Apparel of a hunter who is called the king’s Black Hand. The long-brimmed hat is a symbol of that.

The Black Hand is a title specially given to hunters who serve successive kings. It has only counted three in its history.

Following his heist of the Undead Settlement, Greirat adds the assassin set to his wares. This might imply that Hunters were, at least occasionally, selected from among the Undead. Their existence was already supposed to be kept secret, so what would it matter if the king’s assassins were cursed men? We ourselves can choose an assassin as our background, so it is possible that any Undead who failed in his mission and got captured would be summarily forced through Lothric’s firelinking system as punishment to distance the king from the bungled killing. However, it is just as feasible for unrelated assassins to be in the town to collect information or shady wares without being spotted, and Undead would want to be paid in souls, not coin. There were other options. Gotthard was originally a low-ranking knight of Lothric while Kamui is a foreigner who had been staying in the settlement, and yet both were granted the honor of wearing the wide-brimmed hat symbolizing the Hunter. Regardless of where they are from, each king clearly handpicks his agents in order to guarantee their loyalty, which is very much needed.

Black Hand set (left) compared to assassin set (right)

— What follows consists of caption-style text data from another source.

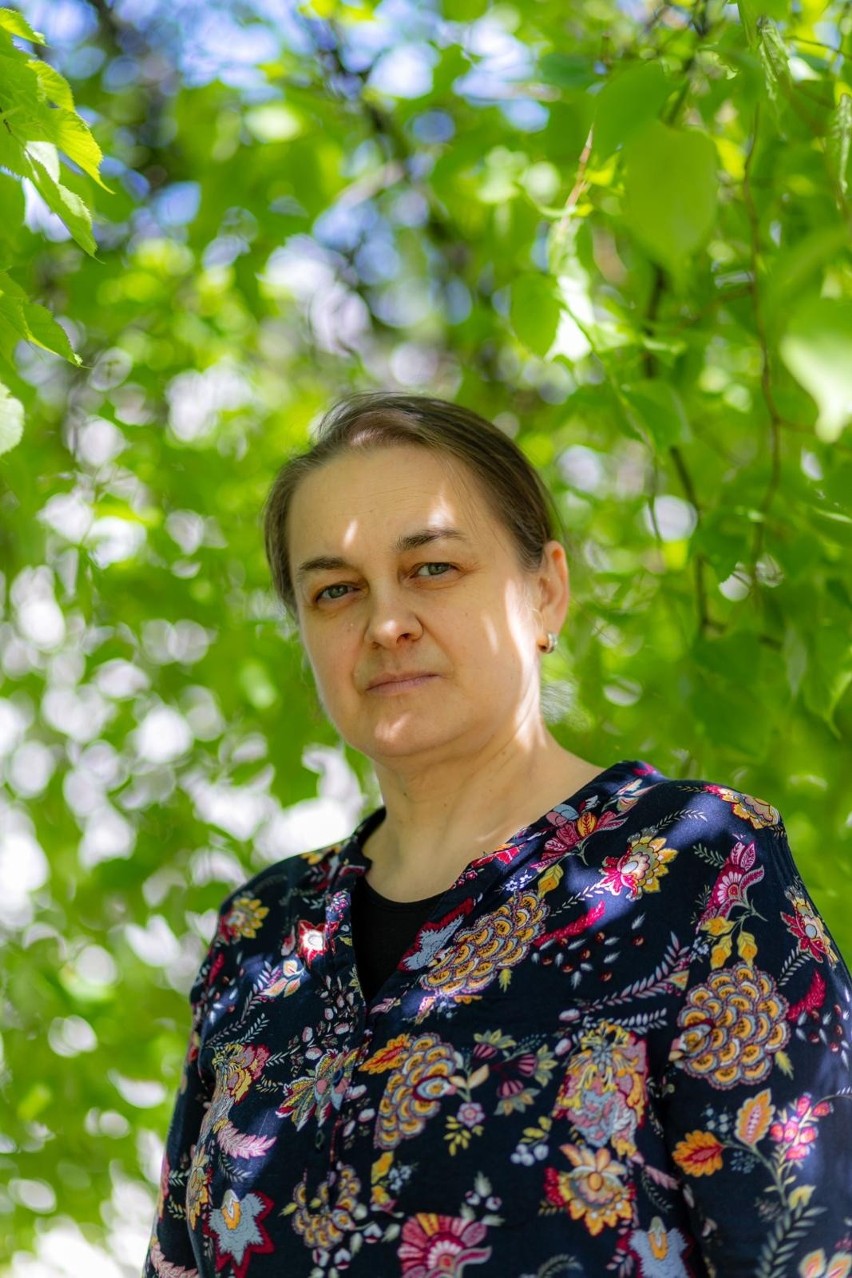 Joanna Jakubiuk – Podlasianka, aktywistka kulinarna i...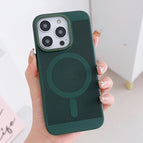 For iPhone 14 Pro Max / Alpine Green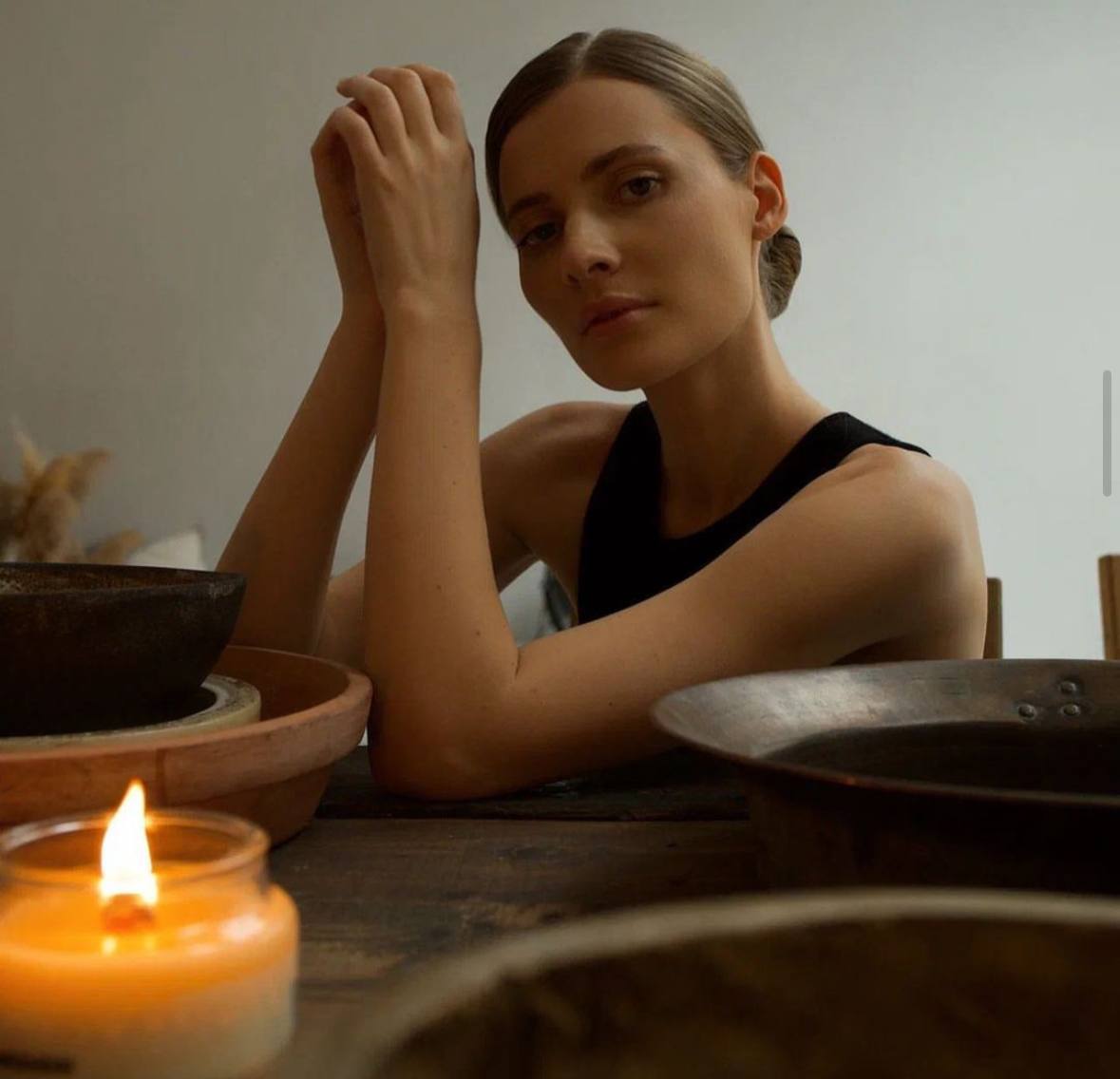 фотосессия для блогеров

There are very few keys for the front door of the Grand Archives, but the one we acquire had previously belonged to Gotthard. More than likely, the king had given his Black Hand a copy of this key among others so that he can more easily infiltrate the Pillars’ facilities. This puts a huge burden on the king to ensure that the people he is doling these out to will not lose or abuse the privilege of having them. If the king wasn’t careful, he might open up his kingdom to a turncoat or corrupt shadow government. They had to be loyal to him first and foremost, which probably contributed to the poor retention rate of hunters across the royal line. But if they were to keep each part of the system playing fair in the political game, such turnover was a worthwhile sacrifice for the kingdom’s well being.  And thanks to this system, Lothric was a functional state for centuries or more. It is only fairly recently that its flaws have become apparent, and mostly due to individual circumstances.